Biden faces political losses and party division

U.S. Democratic President Joe Biden returned to Washington and met the stiffest political headwinds he's yet faced in office.

The latest gut-punch: A demoralizing defeat for Democrats in Virginia, where Republican candidate Glenn Youngkin won a governor's race.

It's a stinging upset for Biden, who campaigned repeatedly for Democrat Terry McCauliffe.

Republicans cheered the victory, which could offer a roadmap for the party to retake one or both chambers of Congress next year.

Virginia's results suggest that independents and moderates who voted en masse for Biden in 2020 were warming to Republicans once again.

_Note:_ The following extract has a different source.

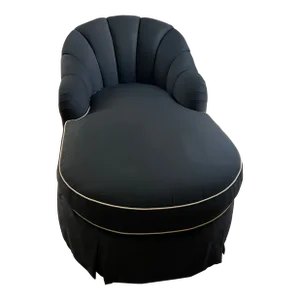 Custom Fully Upholstered Scalloped Chaise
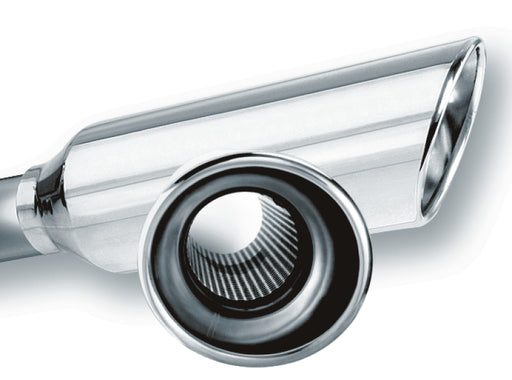 Borla 2.25in Inlet 4in Round Rolled Angle Cut Resonated x 13in Long Exhaust Tip Borla Tips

Republican congressional campaigns may follow Youngkin's model of focusing on culture wars over race and education, and promising to give parents more control over public schools.

More tough news for Biden's party in New Jersey, where a Republican challenger seems to have almost overtaken incumbent Democrat Phil Murphy, even though registered Democratic voters outnumber Republicans there by more than 1 million.

Murphy's narrow lead highlights the surging enthusiasm of Republican voters.

That sentiment could spook Democrats in Congress as they wrangle over details of Biden's agenda.

Progressive Democrats have threatened to sink a $1 trillion bipartisan infrastructure package unless their priorities are met in a larger spending bill.

But moderates, such as West Virginia Senator Joe Manchin, have dug in their heel over the size and scope.

The Republican turnout on Tuesday turns up pressure on Biden and his party to show they can deliver results, but it's not clear whether they will unite to do so.